Dopo quasi un secolo di dominazione straniera, il Grande Regno di Mezzo riuscì infine a liberare i propri territori. La vittoria fu merito di Zhu Yuanzhang (1328-1398) che, al termine di due decenni di aspre battaglie, scacciò i Mongoli eredi di Genghis Khan che avevano governato in Cina nel periodo della dinastia Yuan (1279-1368). Salito al trono, Zhu Yuanzhang assunse il nome di Hongwu: i suoi eredi diretti avrebbero governato senza interruzioni l’immenso territorio cinese fino al 1644, anno in cui i Mancesi della dinastia Qing (1644-1911) si insediarono al potere desautorando la dinastia Ming fondata nel 1368. Il termine Ming fu scelto dallo stesso Hongwu per identificare quella svolta storica: il carattere corrispondente (明) significa “luminoso”, “splendente” e, di conseguenza, “Illuminato”.

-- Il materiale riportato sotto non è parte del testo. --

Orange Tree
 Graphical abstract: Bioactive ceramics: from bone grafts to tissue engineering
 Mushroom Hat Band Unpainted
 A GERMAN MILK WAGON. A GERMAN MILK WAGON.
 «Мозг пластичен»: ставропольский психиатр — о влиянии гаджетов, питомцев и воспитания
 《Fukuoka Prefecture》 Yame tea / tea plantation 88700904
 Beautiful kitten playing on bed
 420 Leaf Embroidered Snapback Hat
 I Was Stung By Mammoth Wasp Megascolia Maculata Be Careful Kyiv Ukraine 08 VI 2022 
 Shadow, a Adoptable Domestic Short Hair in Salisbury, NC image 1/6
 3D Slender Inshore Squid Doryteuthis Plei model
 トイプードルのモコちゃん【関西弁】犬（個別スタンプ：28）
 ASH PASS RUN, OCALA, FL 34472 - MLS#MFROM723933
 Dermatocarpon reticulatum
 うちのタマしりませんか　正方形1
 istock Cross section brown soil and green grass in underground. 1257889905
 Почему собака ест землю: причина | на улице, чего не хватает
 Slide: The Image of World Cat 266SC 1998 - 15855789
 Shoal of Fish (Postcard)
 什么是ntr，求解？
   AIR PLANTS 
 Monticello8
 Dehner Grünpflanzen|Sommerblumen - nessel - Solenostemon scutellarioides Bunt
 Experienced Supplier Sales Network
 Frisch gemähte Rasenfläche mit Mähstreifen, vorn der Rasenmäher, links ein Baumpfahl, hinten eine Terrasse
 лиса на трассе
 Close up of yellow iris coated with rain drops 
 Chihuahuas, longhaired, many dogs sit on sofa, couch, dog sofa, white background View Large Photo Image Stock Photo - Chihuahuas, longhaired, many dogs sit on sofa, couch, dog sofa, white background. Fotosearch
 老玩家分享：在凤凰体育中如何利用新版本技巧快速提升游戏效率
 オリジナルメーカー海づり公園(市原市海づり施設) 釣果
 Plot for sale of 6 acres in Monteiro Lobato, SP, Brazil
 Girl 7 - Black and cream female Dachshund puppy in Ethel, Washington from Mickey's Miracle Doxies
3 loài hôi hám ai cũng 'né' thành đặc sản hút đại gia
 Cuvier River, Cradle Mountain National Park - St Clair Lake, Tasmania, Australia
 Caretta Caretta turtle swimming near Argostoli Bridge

Se il regno di Hongwu e quello del suo primo successore Jianwen (regno 1398-1402) furono a tutti gli effetti periodi di transizione politica, sociale ed economica, i primi cinquant’anni del XVI secolo furono invece momenti di rapida crescita per l’impero. Gli imperatori Yongle (regno 1402-1424), Hongxi (1424-1425, il regno più breve nella storia dinastica cinese), Xuande (regno 1425-1435) e Zhengtong (1435-1449, avrebbe regnato ancora come Tianshun tra il 1457 e il 1464, dopo la liberazione da un periodo di sette anni di prigionia in Mongolia), avrebbero trasformato la Cina nella più potente nazione del mondo, dominatrice di un vastissimo territorio e in contatto con gran parte degli altri popoli lambiti dall’Oceano Indiano. Fu proprio in questo lasso di tempo, infatti, che l’impero cinese promosse i viaggi e le esplorazioni via mare: il comando della flotta fu affidato all’eunuco Zheng He (1371-1434), il leggendario navigatore di fede musulmana che toccò nel corso di varie spedizioni un numero incredibile di porti tra l’Asia meridionale e l’Africa orientale, istituendo relazioni militari, diplomatiche e commerciali con quei popoli lontani.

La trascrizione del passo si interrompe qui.